# YOUR GOAL
Of the entries below, return exactly those lines that fall between the one containing "Open Box MAIL" and the one containing "(Action Figure) Puella", the two end lines included.

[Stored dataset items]
=== Section Start ===

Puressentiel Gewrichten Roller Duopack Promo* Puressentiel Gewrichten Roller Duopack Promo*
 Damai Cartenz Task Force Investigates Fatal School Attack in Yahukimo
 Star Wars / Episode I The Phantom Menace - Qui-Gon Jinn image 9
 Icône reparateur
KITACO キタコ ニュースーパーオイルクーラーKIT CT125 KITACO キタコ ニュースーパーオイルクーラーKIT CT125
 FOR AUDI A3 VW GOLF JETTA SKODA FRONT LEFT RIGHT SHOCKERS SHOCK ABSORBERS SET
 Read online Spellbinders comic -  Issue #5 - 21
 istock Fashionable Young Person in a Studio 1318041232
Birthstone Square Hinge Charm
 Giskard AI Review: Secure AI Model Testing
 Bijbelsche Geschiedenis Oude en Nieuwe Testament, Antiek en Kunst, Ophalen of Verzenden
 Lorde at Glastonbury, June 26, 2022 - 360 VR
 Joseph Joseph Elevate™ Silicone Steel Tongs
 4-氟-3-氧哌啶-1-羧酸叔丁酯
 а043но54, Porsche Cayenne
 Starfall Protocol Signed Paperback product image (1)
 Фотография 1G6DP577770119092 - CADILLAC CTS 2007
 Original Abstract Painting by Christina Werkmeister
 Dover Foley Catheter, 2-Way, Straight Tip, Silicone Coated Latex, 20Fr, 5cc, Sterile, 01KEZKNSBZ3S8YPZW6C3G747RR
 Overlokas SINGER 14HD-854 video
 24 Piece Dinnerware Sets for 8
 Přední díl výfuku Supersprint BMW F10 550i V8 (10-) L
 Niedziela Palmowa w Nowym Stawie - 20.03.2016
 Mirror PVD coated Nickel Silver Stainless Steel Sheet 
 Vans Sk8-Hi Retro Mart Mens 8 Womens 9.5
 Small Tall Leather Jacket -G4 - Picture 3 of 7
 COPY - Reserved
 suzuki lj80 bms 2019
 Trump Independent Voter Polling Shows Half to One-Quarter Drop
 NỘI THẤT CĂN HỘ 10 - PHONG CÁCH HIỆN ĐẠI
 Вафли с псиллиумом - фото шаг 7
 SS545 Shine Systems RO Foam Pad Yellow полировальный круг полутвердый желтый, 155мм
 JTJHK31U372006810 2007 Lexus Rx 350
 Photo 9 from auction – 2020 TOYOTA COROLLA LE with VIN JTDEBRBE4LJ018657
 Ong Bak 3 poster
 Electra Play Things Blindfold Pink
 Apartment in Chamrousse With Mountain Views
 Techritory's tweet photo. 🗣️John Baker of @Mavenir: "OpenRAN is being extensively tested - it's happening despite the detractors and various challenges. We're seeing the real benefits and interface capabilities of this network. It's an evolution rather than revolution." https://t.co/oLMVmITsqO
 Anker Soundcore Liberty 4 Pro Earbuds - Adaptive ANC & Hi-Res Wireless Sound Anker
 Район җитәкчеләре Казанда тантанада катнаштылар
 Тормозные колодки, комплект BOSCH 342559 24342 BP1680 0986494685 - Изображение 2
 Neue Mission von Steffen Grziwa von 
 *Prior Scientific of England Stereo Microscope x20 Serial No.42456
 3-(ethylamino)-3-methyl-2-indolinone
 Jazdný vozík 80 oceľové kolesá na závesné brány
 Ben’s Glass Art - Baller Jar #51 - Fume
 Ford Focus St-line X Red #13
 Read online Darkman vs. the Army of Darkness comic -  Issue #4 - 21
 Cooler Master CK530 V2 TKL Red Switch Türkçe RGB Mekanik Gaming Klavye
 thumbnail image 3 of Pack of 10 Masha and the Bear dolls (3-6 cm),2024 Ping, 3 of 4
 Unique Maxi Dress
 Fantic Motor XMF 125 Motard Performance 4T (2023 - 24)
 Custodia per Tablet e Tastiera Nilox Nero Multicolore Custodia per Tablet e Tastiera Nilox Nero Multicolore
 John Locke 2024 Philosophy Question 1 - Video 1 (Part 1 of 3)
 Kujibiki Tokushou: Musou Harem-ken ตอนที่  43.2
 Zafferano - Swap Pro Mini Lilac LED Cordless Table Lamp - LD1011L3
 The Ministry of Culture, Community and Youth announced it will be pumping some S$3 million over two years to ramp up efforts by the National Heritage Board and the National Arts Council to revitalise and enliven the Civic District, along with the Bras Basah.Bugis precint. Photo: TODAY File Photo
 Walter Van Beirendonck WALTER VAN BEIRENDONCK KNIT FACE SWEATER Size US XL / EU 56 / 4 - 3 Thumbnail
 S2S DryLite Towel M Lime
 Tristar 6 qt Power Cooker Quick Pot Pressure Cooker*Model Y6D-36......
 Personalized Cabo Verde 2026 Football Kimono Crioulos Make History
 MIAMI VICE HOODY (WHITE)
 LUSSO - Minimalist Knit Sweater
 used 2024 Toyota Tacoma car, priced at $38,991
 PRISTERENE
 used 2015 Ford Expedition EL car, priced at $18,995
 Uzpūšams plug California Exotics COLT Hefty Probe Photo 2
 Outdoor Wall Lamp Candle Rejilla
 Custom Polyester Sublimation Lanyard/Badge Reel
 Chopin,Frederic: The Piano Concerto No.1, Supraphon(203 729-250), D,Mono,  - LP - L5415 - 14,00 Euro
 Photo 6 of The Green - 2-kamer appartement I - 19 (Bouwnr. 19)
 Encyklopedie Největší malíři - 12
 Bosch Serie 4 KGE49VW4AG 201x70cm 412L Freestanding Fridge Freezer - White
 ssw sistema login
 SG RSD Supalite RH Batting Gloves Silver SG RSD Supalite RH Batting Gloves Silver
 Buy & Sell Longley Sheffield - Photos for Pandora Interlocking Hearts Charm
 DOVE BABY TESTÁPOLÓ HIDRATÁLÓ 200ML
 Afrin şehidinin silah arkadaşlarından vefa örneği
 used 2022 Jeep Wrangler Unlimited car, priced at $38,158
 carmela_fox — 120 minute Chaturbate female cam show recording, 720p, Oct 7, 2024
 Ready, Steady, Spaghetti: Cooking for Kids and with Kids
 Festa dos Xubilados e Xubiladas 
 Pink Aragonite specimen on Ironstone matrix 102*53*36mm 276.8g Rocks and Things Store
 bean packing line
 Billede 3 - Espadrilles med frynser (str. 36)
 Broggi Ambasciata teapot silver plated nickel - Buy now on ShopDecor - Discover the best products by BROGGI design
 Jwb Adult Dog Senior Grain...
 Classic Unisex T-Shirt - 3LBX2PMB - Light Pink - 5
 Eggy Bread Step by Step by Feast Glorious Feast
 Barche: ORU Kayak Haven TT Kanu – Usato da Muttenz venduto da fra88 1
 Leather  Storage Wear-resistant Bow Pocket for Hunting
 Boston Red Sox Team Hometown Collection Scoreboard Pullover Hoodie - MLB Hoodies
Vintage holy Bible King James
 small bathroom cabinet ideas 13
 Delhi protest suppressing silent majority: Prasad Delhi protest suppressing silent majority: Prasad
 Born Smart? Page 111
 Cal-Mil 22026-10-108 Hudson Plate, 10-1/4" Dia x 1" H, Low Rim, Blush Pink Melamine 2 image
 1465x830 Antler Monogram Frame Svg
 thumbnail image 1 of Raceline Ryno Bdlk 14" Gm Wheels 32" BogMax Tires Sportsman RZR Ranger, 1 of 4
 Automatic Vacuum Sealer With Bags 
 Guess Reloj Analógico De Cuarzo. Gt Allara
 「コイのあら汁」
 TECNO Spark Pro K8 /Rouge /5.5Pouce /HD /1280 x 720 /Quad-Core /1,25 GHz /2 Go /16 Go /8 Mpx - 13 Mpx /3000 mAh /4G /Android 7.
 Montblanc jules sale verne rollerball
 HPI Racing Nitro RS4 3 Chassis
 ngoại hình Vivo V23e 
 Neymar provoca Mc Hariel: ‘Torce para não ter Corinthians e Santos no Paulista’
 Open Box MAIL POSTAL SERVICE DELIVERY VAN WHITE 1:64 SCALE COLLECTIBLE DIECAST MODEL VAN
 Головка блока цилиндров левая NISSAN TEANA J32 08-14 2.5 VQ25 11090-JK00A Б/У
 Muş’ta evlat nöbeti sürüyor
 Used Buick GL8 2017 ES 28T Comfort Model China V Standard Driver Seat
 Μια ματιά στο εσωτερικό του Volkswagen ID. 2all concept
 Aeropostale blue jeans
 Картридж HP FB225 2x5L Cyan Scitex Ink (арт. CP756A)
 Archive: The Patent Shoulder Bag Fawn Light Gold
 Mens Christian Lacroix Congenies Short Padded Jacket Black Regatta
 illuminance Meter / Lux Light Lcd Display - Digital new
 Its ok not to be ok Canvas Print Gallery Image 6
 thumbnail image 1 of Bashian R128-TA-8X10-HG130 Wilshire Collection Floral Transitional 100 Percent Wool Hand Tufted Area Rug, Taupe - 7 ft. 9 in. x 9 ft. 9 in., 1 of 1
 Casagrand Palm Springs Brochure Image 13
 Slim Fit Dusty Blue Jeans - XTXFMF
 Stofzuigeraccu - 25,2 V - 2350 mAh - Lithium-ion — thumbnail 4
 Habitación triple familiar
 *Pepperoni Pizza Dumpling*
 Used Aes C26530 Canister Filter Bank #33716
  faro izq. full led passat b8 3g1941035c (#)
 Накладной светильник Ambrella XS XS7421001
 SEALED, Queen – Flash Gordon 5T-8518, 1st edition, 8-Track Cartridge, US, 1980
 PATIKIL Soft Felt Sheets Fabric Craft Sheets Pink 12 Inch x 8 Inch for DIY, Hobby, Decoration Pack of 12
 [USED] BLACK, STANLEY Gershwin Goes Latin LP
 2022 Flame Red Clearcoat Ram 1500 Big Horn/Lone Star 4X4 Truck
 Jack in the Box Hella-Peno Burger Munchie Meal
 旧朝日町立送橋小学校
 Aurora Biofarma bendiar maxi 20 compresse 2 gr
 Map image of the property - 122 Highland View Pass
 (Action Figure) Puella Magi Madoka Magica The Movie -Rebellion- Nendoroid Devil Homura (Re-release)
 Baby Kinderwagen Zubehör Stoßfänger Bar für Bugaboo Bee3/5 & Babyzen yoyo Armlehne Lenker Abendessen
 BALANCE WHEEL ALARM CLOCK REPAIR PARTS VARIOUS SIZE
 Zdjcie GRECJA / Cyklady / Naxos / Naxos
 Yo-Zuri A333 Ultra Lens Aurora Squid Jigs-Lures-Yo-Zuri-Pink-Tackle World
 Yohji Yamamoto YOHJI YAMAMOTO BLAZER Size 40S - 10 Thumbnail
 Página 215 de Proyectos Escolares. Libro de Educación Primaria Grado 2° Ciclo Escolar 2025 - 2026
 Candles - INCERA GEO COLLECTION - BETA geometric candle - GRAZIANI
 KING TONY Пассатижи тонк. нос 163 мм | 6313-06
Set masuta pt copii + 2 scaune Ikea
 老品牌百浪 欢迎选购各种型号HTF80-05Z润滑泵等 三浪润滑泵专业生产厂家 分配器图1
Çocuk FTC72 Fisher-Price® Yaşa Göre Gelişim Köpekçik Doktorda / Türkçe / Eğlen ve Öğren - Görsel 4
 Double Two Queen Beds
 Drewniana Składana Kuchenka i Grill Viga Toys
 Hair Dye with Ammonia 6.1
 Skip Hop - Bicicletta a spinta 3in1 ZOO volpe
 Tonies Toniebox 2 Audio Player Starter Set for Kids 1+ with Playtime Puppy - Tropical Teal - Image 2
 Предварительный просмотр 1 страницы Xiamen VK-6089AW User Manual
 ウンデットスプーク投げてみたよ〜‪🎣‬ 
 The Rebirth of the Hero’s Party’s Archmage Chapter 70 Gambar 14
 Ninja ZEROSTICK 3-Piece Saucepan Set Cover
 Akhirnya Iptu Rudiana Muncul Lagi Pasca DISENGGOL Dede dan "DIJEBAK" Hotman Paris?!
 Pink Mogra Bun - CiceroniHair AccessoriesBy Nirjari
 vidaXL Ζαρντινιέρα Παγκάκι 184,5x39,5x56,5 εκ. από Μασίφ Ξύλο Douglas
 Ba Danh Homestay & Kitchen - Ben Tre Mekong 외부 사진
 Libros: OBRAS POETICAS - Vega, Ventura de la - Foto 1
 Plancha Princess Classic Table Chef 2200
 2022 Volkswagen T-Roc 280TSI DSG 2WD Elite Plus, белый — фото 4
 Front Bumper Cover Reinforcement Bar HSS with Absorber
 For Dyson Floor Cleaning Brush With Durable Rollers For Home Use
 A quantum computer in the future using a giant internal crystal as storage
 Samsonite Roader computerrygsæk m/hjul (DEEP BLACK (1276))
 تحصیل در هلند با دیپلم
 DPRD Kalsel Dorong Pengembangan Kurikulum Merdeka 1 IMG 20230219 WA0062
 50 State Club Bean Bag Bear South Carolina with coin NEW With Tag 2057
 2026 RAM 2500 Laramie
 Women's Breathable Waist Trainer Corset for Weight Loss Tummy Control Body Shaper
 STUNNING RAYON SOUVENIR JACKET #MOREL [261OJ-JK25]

=== Section End ===

# OUTPUT FOR THIS EXERCISE
 Open Box MAIL POSTAL SERVICE DELIVERY VAN WHITE 1:64 SCALE COLLECTIBLE DIECAST MODEL VAN
 Головка блока цилиндров левая NISSAN TEANA J32 08-14 2.5 VQ25 11090-JK00A Б/У
 Muş’ta evlat nöbeti sürüyor
 Used Buick GL8 2017 ES 28T Comfort Model China V Standard Driver Seat
 Μια ματιά στο εσωτερικό του Volkswagen ID. 2all concept
 Aeropostale blue jeans
 Картридж HP FB225 2x5L Cyan Scitex Ink (арт. CP756A)
 Archive: The Patent Shoulder Bag Fawn Light Gold
 Mens Christian Lacroix Congenies Short Padded Jacket Black Regatta
 illuminance Meter / Lux Light Lcd Display - Digital new
 Its ok not to be ok Canvas Print Gallery Image 6
 thumbnail image 1 of Bashian R128-TA-8X10-HG130 Wilshire Collection Floral Transitional 100 Percent Wool Hand Tufted Area Rug, Taupe - 7 ft. 9 in. x 9 ft. 9 in., 1 of 1
 Casagrand Palm Springs Brochure Image 13
 Slim Fit Dusty Blue Jeans - XTXFMF
 Stofzuigeraccu - 25,2 V - 2350 mAh - Lithium-ion — thumbnail 4
 Habitación triple familiar
 *Pepperoni Pizza Dumpling*
 Used Aes C26530 Canister Filter Bank #33716
  faro izq. full led passat b8 3g1941035c (#)
 Накладной светильник Ambrella XS XS7421001
 SEALED, Queen – Flash Gordon 5T-8518, 1st edition, 8-Track Cartridge, US, 1980
 PATIKIL Soft Felt Sheets Fabric Craft Sheets Pink 12 Inch x 8 Inch for DIY, Hobby, Decoration Pack of 12
 [USED] BLACK, STANLEY Gershwin Goes Latin LP
 2022 Flame Red Clearcoat Ram 1500 Big Horn/Lone Star 4X4 Truck
 Jack in the Box Hella-Peno Burger Munchie Meal
 旧朝日町立送橋小学校
 Aurora Biofarma bendiar maxi 20 compresse 2 gr
 Map image of the property - 122 Highland View Pass
 (Action Figure) Puella Magi Madoka Magica The Movie -Rebellion- Nendoroid Devil Homura (Re-release)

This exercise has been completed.